%%
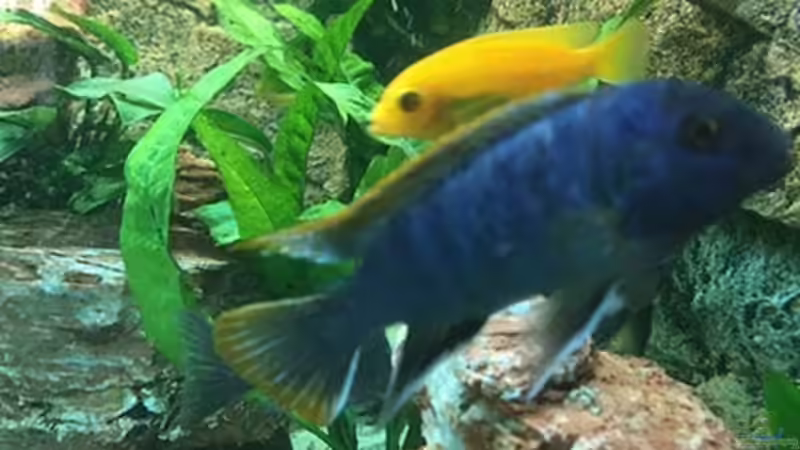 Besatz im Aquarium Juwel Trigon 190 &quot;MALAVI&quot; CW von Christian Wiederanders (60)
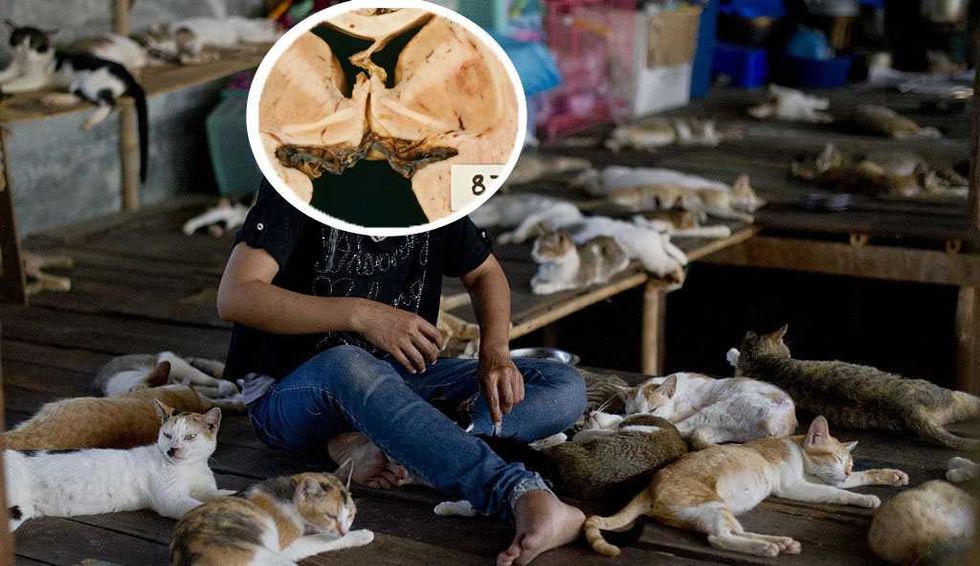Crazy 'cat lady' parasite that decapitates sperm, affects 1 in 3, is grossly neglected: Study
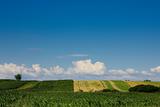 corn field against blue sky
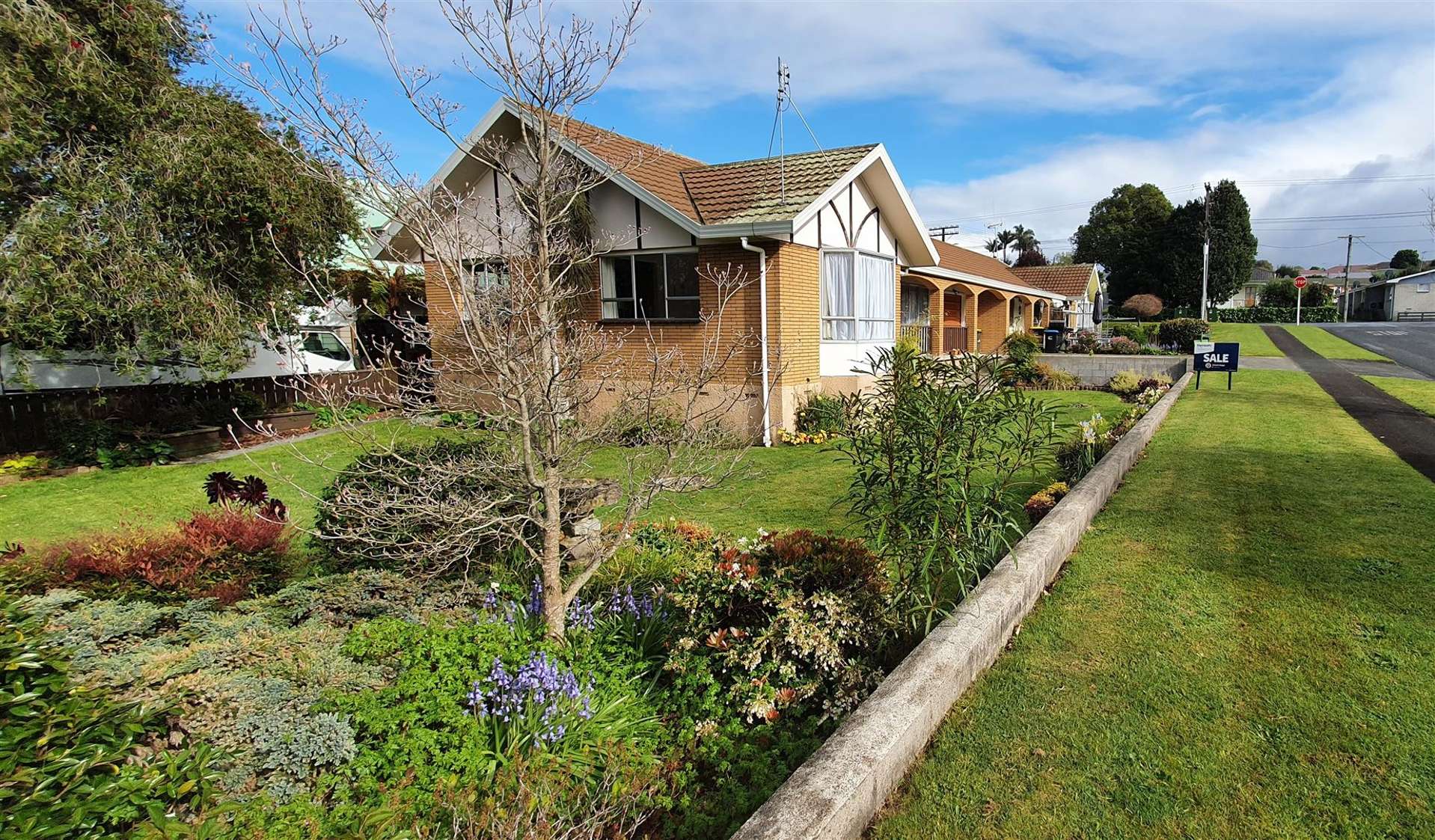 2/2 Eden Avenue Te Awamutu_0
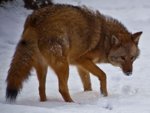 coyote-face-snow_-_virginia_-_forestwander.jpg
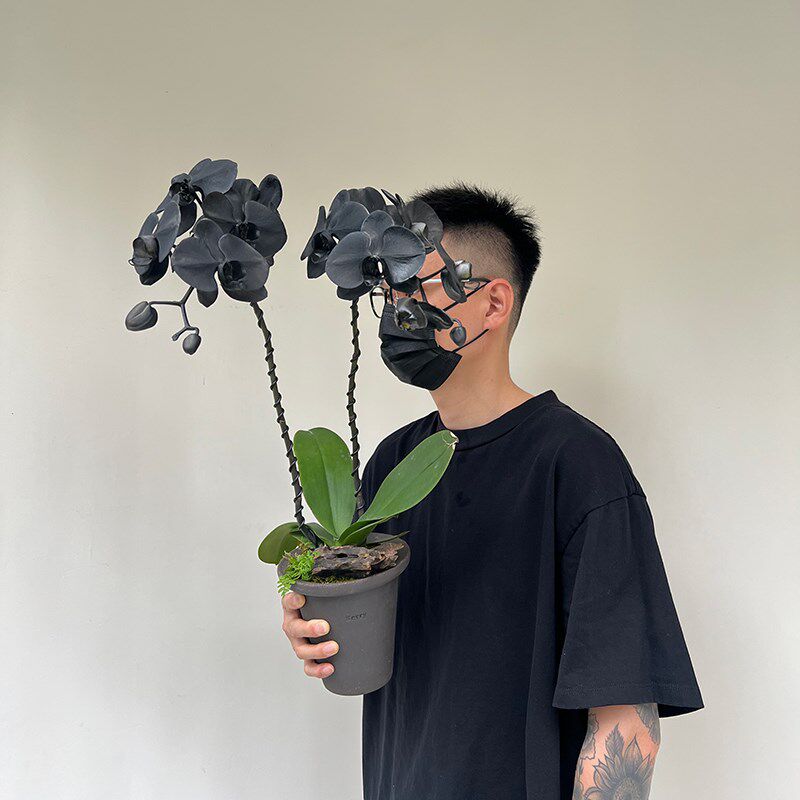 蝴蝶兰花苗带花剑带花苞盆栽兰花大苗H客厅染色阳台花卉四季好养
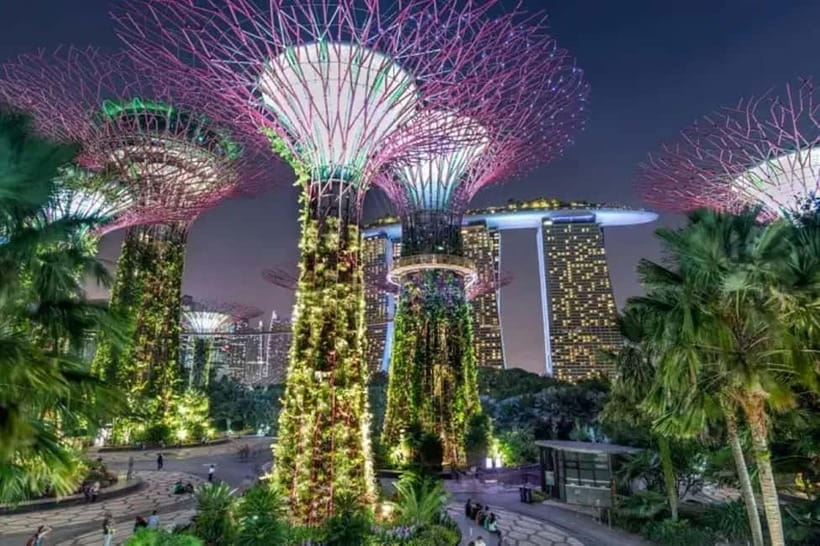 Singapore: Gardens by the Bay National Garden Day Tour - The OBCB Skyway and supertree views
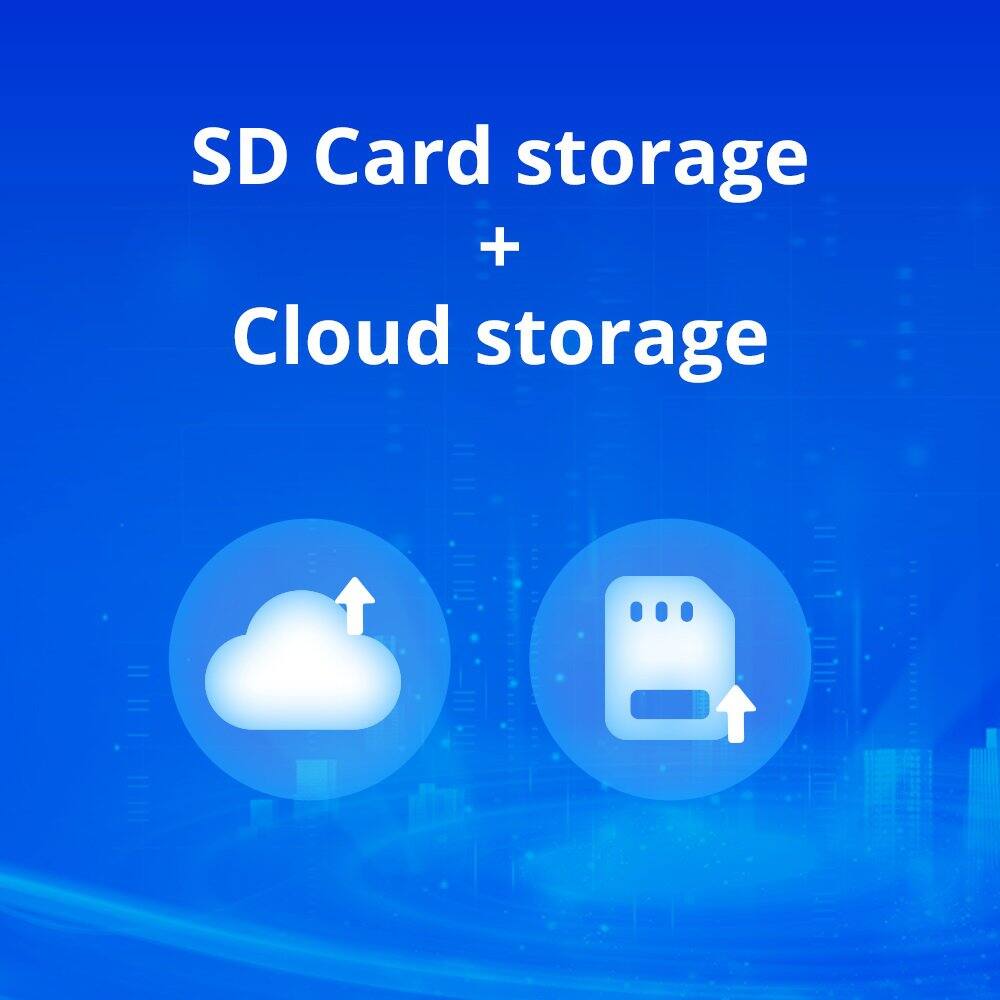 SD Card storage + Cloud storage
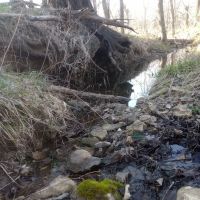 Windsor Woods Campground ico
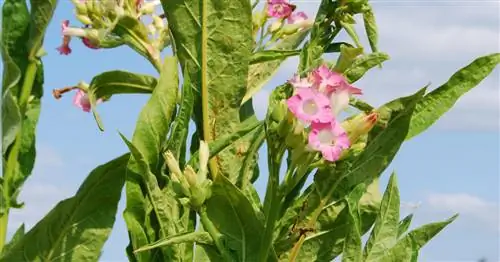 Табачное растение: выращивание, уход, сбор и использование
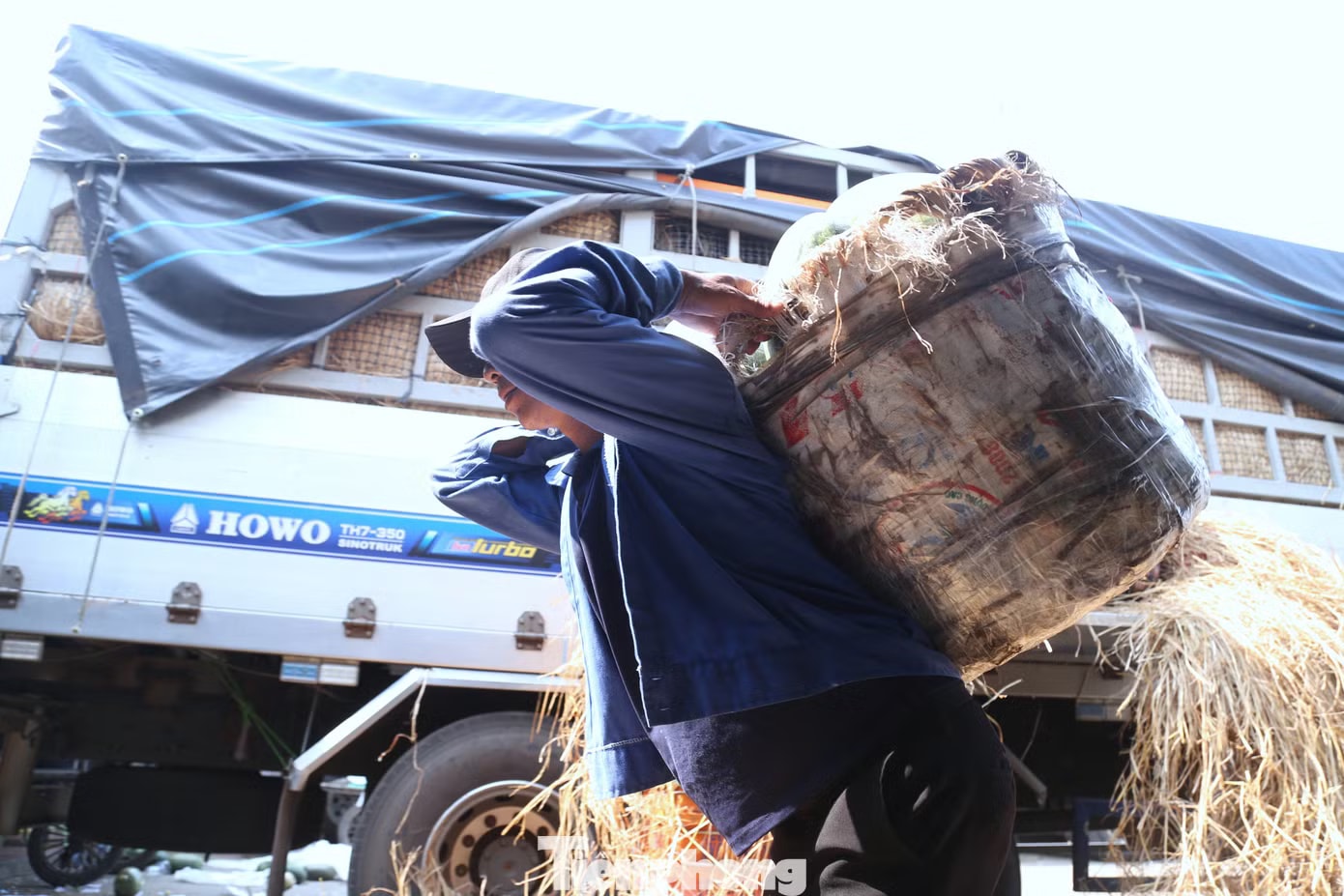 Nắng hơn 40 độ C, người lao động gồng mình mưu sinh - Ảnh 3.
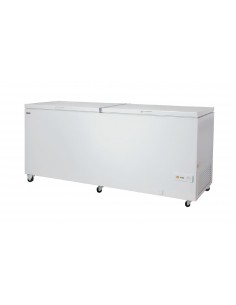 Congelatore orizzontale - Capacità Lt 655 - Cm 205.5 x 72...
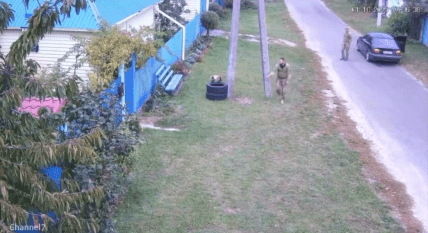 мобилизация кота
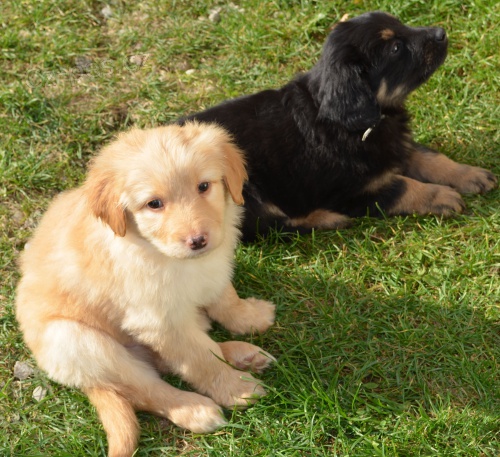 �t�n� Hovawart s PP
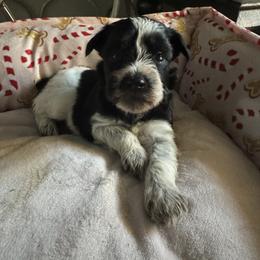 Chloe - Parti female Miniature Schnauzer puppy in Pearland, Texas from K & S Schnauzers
%%
> **TASK DETAILS**
Transcribe exactly, with no pictures, the lines running from the first line of the material through the line holding "蝴蝶兰花苗带花剑带花苞盆栽兰花大苗H客厅染色阳台花卉四季好养".

> **RESULT FOR THIS TASK**
 Besatz im Aquarium Juwel Trigon 190 &quot;MALAVI&quot; CW von Christian Wiederanders (60)
Crazy 'cat lady' parasite that decapitates sperm, affects 1 in 3, is grossly neglected: Study
 corn field against blue sky
 2/2 Eden Avenue Te Awamutu_0
 coyote-face-snow_-_virginia_-_forestwander.jpg
 蝴蝶兰花苗带花剑带花苞盆栽兰花大苗H客厅染色阳台花卉四季好养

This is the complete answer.